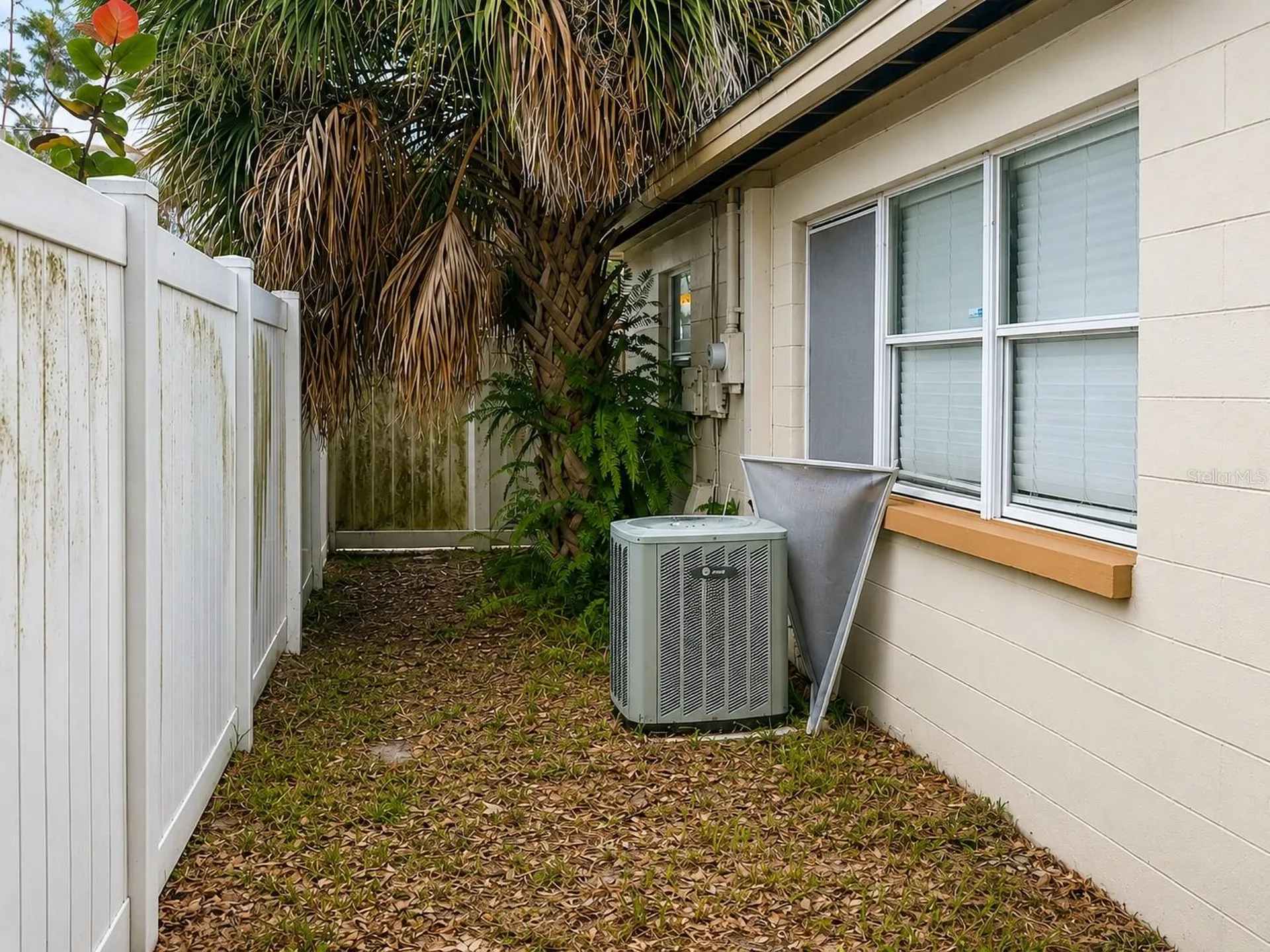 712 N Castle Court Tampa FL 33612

....................

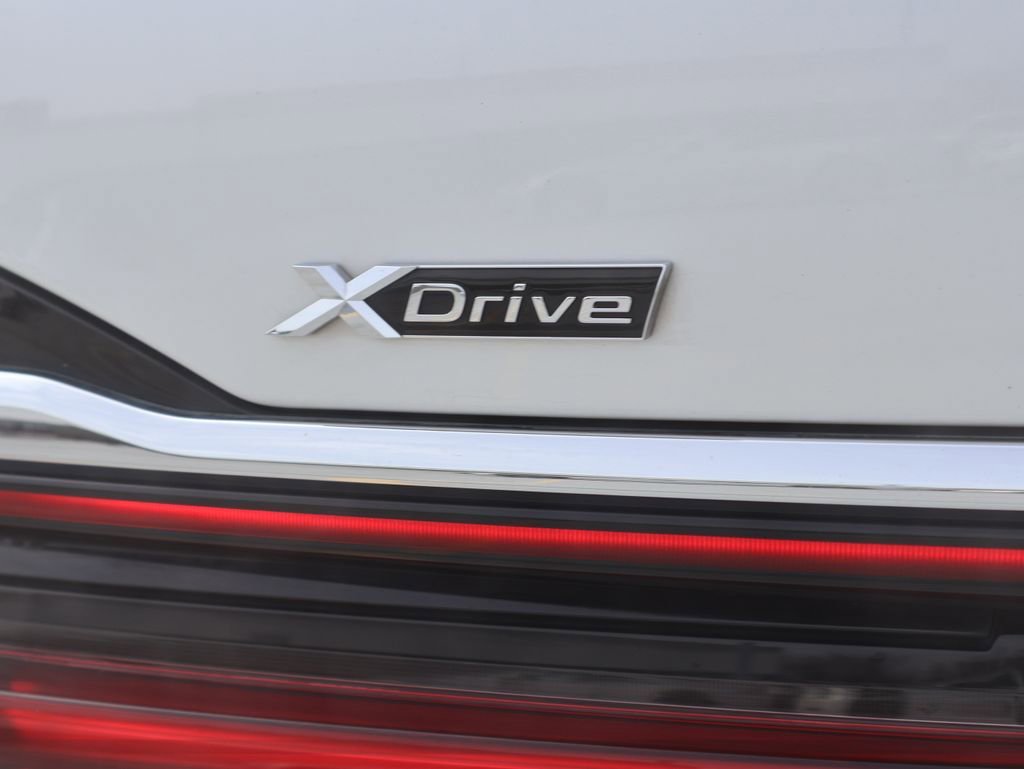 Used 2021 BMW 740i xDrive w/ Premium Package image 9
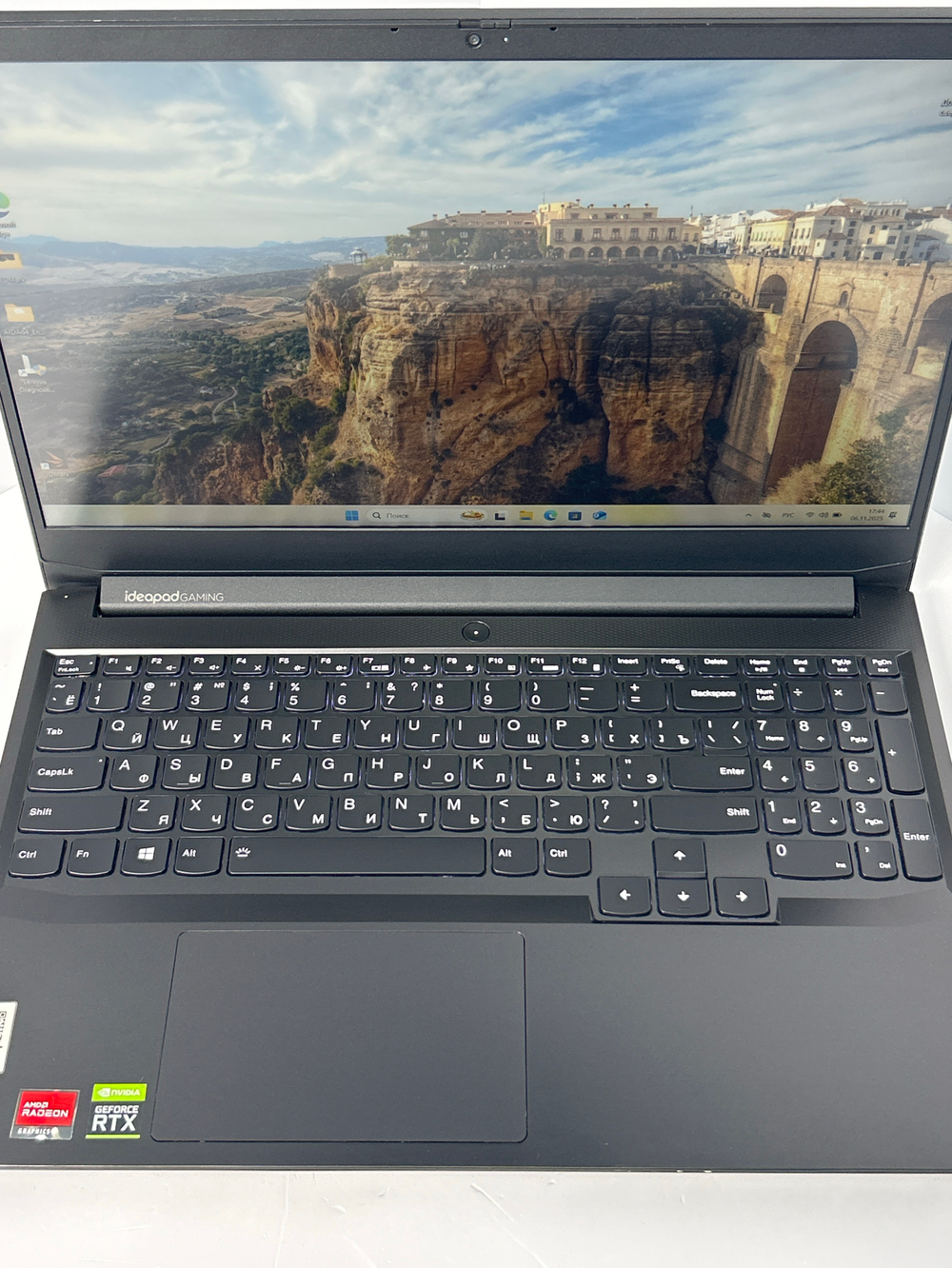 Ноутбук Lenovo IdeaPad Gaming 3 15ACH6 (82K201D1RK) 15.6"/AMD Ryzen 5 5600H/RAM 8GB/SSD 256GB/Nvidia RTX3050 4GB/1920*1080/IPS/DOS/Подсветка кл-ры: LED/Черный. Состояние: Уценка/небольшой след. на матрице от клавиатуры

....................

■ TASK DETAILS:
Within the listing above, extract exactly the lines that run from the one containing "Used 2021 BMW" through the one containing "Ноутбук Lenovo IdeaPad", excluding any pictures.

■ YOUR RESPONSE:
 Used 2021 BMW 740i xDrive w/ Premium Package image 9
 Ноутбук Lenovo IdeaPad Gaming 3 15ACH6 (82K201D1RK) 15.6"/AMD Ryzen 5 5600H/RAM 8GB/SSD 256GB/Nvidia RTX3050 4GB/1920*1080/IPS/DOS/Подсветка кл-ры: LED/Черный. Состояние: Уценка/небольшой след. на матрице от клавиатуры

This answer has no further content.